In the biggest overhaul that Section 1 has seen in quite a few years, there will be eight new boys soccer coaches debuting when the 2014 season begins next week.
Jarohan Garcia has taken over at New Rochelle, Jack Gigli at White Plains, Paul Brooks at Scarsdale, Jonathan Weinstein at Croton-Harmon, Jon Iasillo at Peekskill, Chris Pietris at Somers and Dan Smith at Westlake. With all the new faces on the sidelines, the most notable may be Keren Larkin at Carmel.
Larkin is now the second active female to coach a boys soccer team in Section 1, along with Yonkers’ Janet Ryan.
“I know these are good coaches who’ll make us a better team,” said senior striker Sebastian Lopez, referring to Larkin and new assistant Jim Cancellaro.
New Ro and White Plains moving on: With new coaches taking over at New Rochelle and White Plains, both programs are focused on moving on from last season’s incident that left White Plains midfielder Ozzie Escobedo with a broken jaw.
During a gamelast Oct. 10, New Rochelle’s Stefedson Dieudonne threw a punch at Escobedo and was arrested and charged with third-degree assault. It left both programs searching for answers, with both Garcia at New Ro and Gigli at White Plains addressing the issue with their new teams.
“We’ve instilled a completely new attitude towards the kids,” Garcia said. “To us, it’s just going to be one more game. I’ve told the kids, ‘I want you to be competitive. I want you to want it more than they do, but we’re going to be clean. Someone knocks you down, you get up, clean yourself and keep playing. You knock somebody down, you extend your hand, you pick them up and you keep playing.’ That’s it, because at the end of the day, it’s just a game.”

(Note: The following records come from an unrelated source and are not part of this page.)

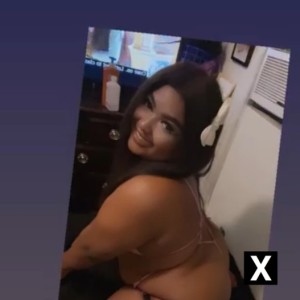 Monee, San Bernardino escorts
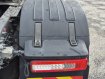 RENAULT T520 HIGH CAB, FULL AIR TOP
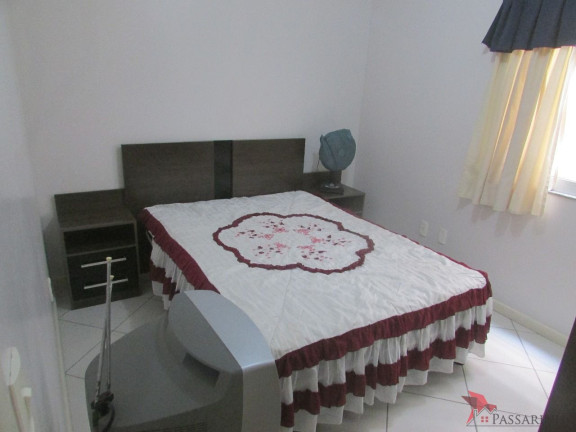 Imagem Apartamento com 2 Quartos à Venda, 94 m² em Centro - Torres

Where’s the offense at Spring Valley? After a breakout, 13-4 season in 2013, Spring Valley is in danger of taking a step back this year if it can’t find a way to replace 51 goals.

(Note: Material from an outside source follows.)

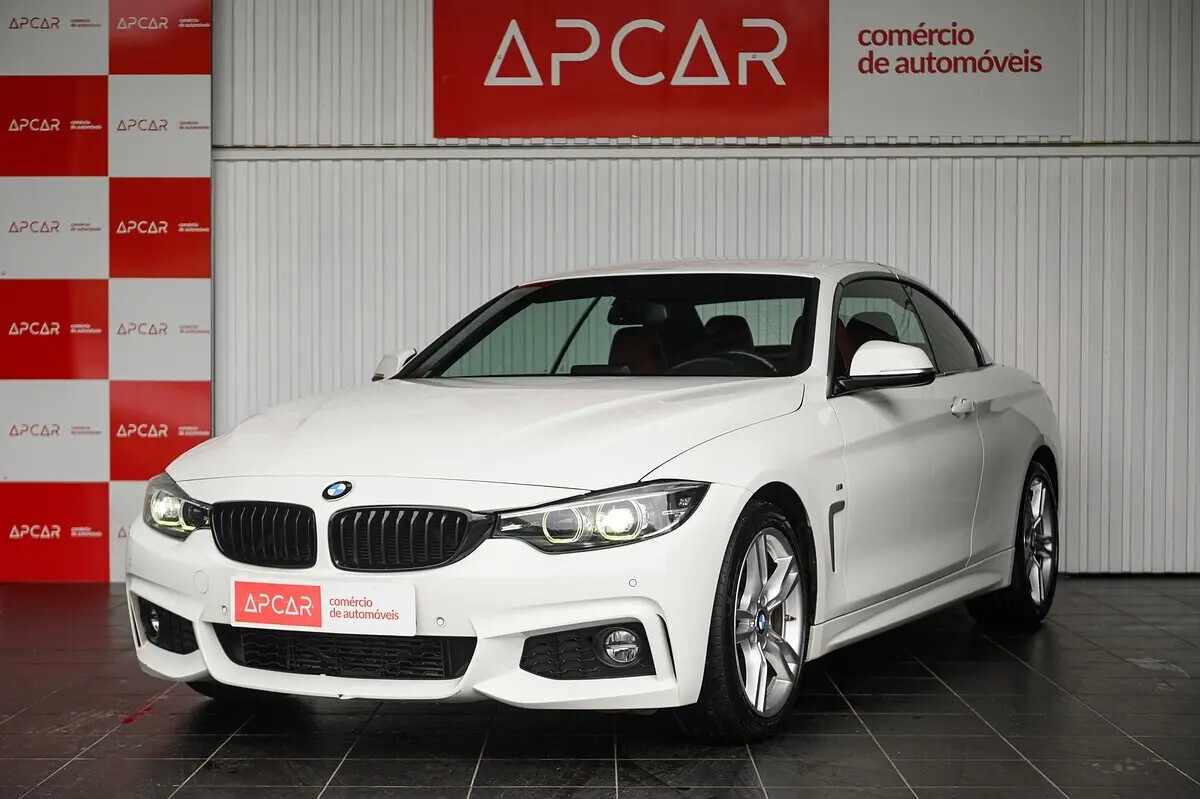 bmw-serie-4-420d-cabrio-2019-diesel-1995cc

That’s the total Karlyl Simon, Kevin Quito and Rooben Michel scored last season, but each has since graduated. All five of the Tigers’ All-County players are now gone, leaving coach Ryan Marcus with a squad composed of mostly underclassmen. Yet, Marcus remains confident, as Spring Valley will bump down from Class AA to the less competitive Class A this year.

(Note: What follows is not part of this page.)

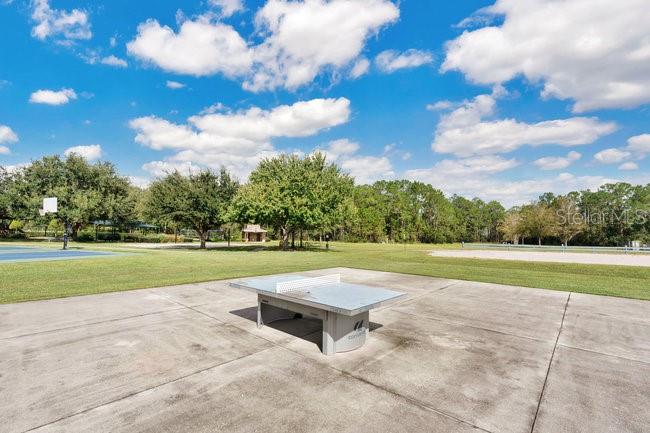 BIRCHWOOD NBHDS B & C - Residential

“I think, as young as we are, this is one of the most talented groups that I’ve had in my six seasons here,” he said. “There’s guys that really have the heart and the passion; they work hard every practice, they keep getting better and they love the game just as much as I do.”
‘We refer to them as just students’: Three years after the U.S. Academy decided that any players involved with the national feeder program cannot participate in high school sports, local teams continue to have their talent pool watered down.
Perhaps no team was hit as hard this season as Byram Hills, which coach Matty Allen said lost seven players who opted for the academy route.
“I think the players look at it as a challenge,” Allen said of his team. “It makes them angry. They want to play with their peers, but on the other hand, I think it will make us stronger. The whole idea this year is that once we step foot on the field, we’re going to play with the 25 guys we have, and the academy players can sit up in the stands. We don’t refer to them as academy players. We refer to them as just students.”
Key additions: After reaching the Class A title game last season, Pearl River will have a couple of transfers who may help make up for the losses of several key players. Forward Matt Russell joins the varsity team this year after transferring from Albertus Magnus and Craig McDonald left his U.S. Academy team to play for the Pirates.
In Westchester, Mamaroneck hopes to benefit from the arrival of Yeison Banegas, a transfer from Honduras.